Por qué la buena gestión económica no basta como arma electoral
La izquierda está convencida de que tiene oportunidades de ganar el 23-J si exhibe su gestión económica y logra convertirla en el eje de la campaña. Pero se trata solo una ilusión: la gestión de la economía no puede llevarles a la victoria si antes no logran recuperar un lenguaje común entre los dirigentes de la izquierda y sus teóricas bases que les permita entenderse mínimamente.
La disonancia es especialmente clara en economía: por muchas medidas que se hayan tomado en favor de las clases populares, y por buenos que sean la catarata de datos empíricos que se ofrezcan, es muy difícil alardear de ellas si en la vida real los teóricos beneficiarios la están pasando canutas.
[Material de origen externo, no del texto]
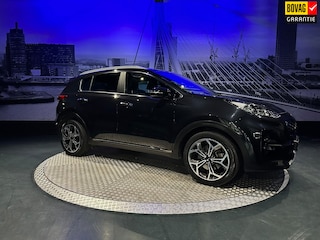 Kia Sportage 1.6 T-GDI GT-Line *Pano*Leder*Keyless*Camera*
Y la están pasando canutas.
La gestión económica del Gobierno de coalición ha sido la de más a la izquierda de la democracia y la única que se ha atrevido a tantear respuestas más allá de la ortodoxia neoliberal. Ello se explica por una combinación también única: la presencia de Unidas Podemos en el Ejecutivo, empujando hacia la izquierda, y, a la vez, una vicepresidencia económica en manos del PSOE con credenciales de rigor y solvencia incuestionables también en la UE.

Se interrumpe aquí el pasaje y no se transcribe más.